Il 74% dei giovani è molto soddisfatto dell’esperienza compiuta. E le competenze e abilità acquisite favoriscono le possibilità occupazionali

Roma, 18 novembre 2014 – Esiste una cultura del dono oggi in Italia? In una società in cui la crisi continua a mordere famiglie e imprese, e sembra aggravarsi il rischio di cadere in povertà, c’è ancora fiducia nell’economia della gratuità ed è ancora possibile parlare di un impegno dell’Italia a favore dei Paesi in condizioni più svantaggiate?

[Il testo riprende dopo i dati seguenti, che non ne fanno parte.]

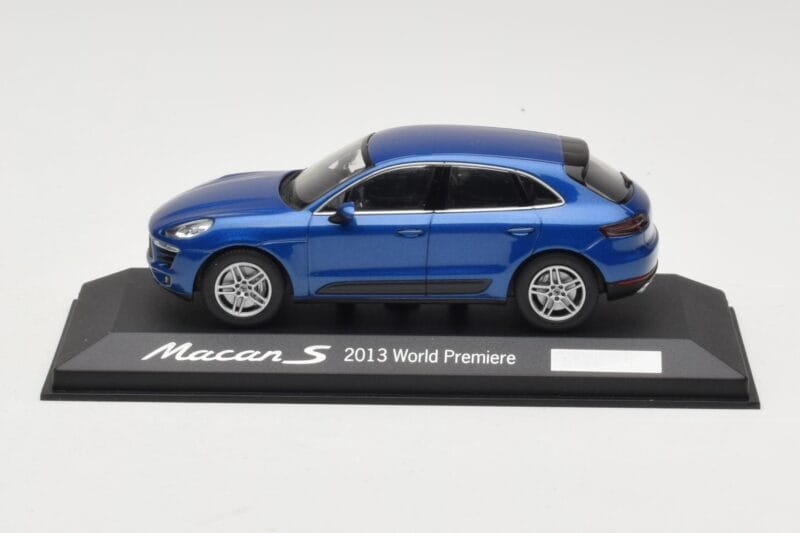Porsche Macan 95B S Blå World Premiere Minichamps 1:43 WAP0201550E Metal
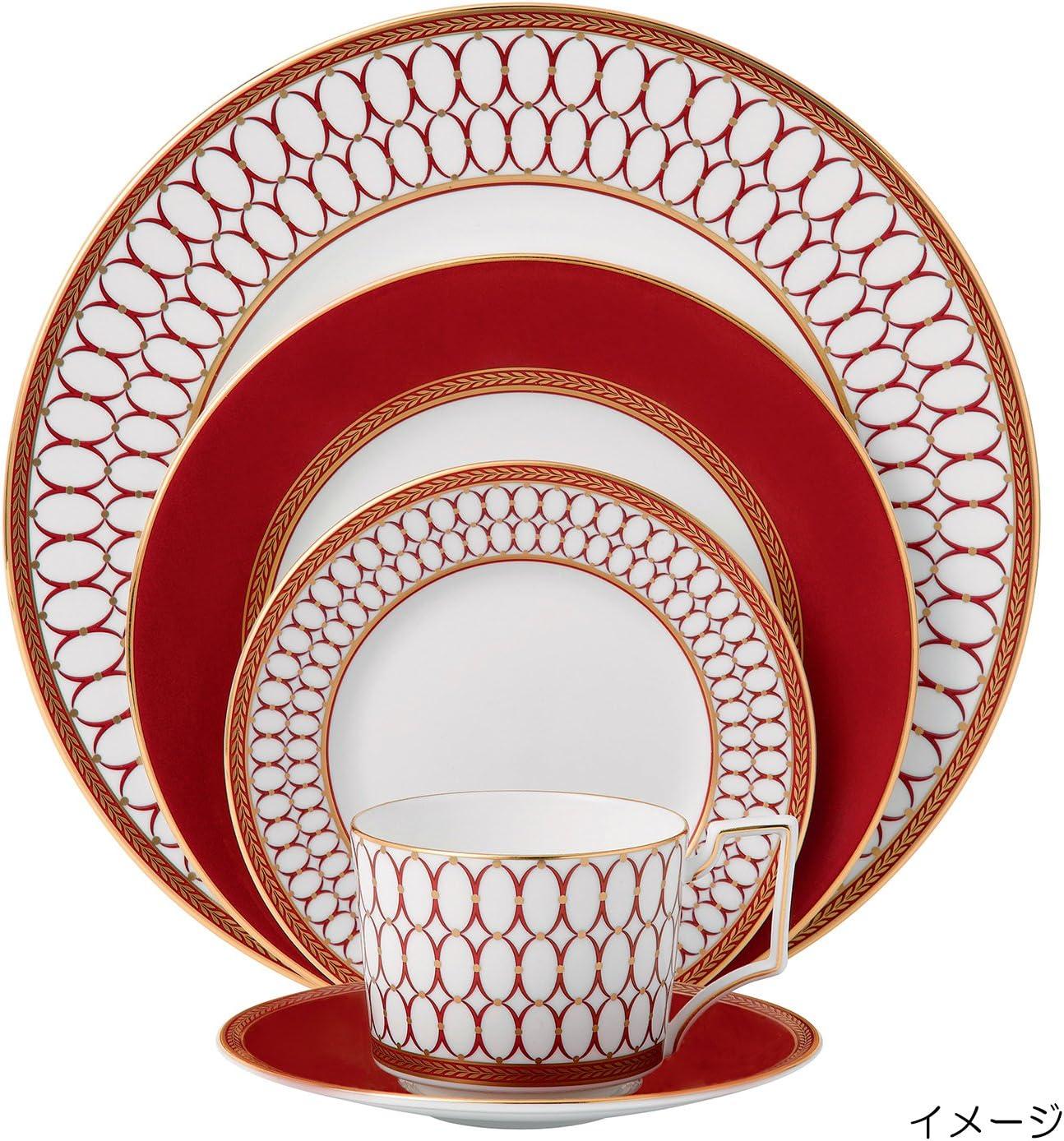 Renaissance Red and Gold Porcelain Bread Plate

Sembrerebbe proprio di sì, stando ai dati della ricerca sui giovani che hanno svolto il servizio civile nazionale all’estero realizzata dal Censis e promossa dalla Focsiv (Federazione organismi cristiani servizio internazionale volontario), che verrà presentata domani a Roma nella sede dell’istituto di ricerca.

Da quando è stato istituito nel 2001, sono oltre 5.000 i giovani fino a 28 anni che hanno speso un anno lavorando in progetti di cooperazione internazionale, collaborando a circa 600 iniziative in 75 Paesi diversi. È la punta avanzata di un piccolo esercito di ragazzi e ragazze volontari che, per periodi più o meno lunghi, magari solo per le vacanze estive, si impegnano in prima persona in progetti di sviluppo: una presenza dell’Italia all’estero qualificata e apprezzata. E al ritorno i ragazzi sono «diversi», con nuove competenze, nuove energie, maggiore facilità nel trovare o inventarsi un lavoro.

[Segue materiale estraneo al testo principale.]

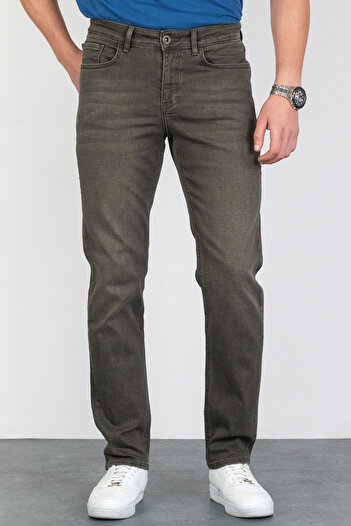 HLT JEANS Ανδρικό Pine Green Regular Fit Relaxed Cut Flexible Lycra Jeans Jeans Jeans HLTHE001915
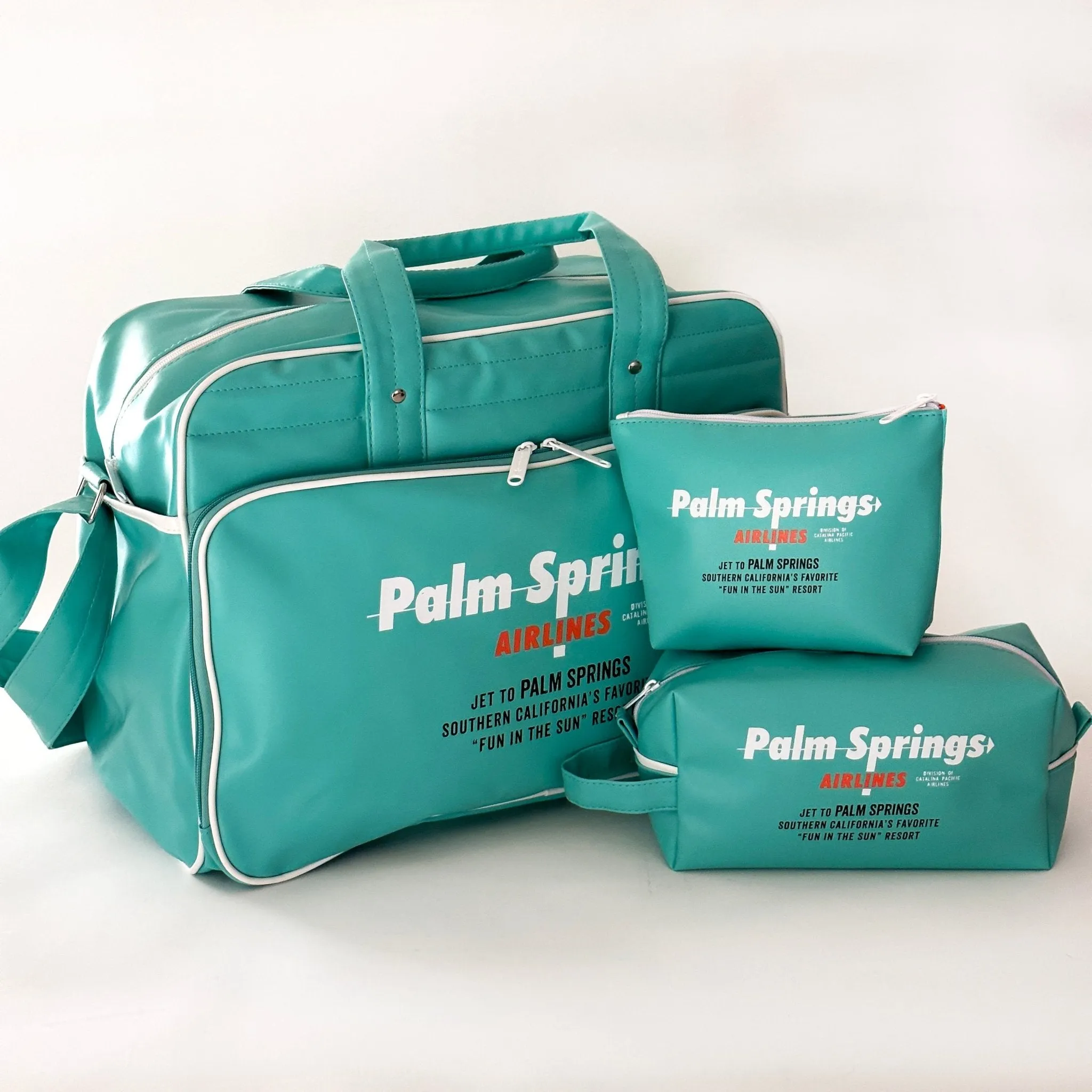 Palm Springs Airlines Weekender Bag - Aqua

Perché scelgono di partire? Non perché non si abbia nulla da fare (opzione di un trascurabile 0,4%) e nemmeno come alternativa a un periodo di disoccupazione (1,1%). Le motivazioni sono di tipo valoriale: il 61,5% ha visto nel servizio civile all’estero l’opportunità di una crescita personale e di un arricchimento umano, il 52,2% lo ha vissuto come un modo per accrescere le proprie competenze, il 36,9% come un completamento del percorso di formazione.

È stata un’esperienza che non li ha delusi: l’87% di questi giovani ritiene che le cose siano andate secondo le loro aspettative, il 74% si dice molto soddisfatto dell’esperienza compiuta, metà del campione pensa che sia più quello che si riceve da un’esperienza del genere che quello che si dà.

La qualità che hanno appreso di più è l’apertura mentale: l’87,8% sente di averne di più rispetto a prima. Segue la solidità emotiva (65,4%). E il 66% dei giovani ritiene che le competenze acquisite durante l’anno di servizio civile all’estero siano molto o abbastanza utili nello svolgimento del loro lavoro.

Questi giovani sembrano avere una marcia in più anche nella ricerca di un lavoro: il 69% ritiene che il servizio civile all’estero sia stato utile per trovare lavoro, per il 25% è stato addirittura determinante. Non a caso, quasi il 70% di coloro che sono tornati dal servizio civile all’estero oggi è occupato. Tra gli occupati, il 73% ha trovato lavoro entro 6 mesi dal rientro, con un periodo di ricerca medio di circa 3 mesi, contro la media nazionale degli italiani laureati che è di 4,3 mesi.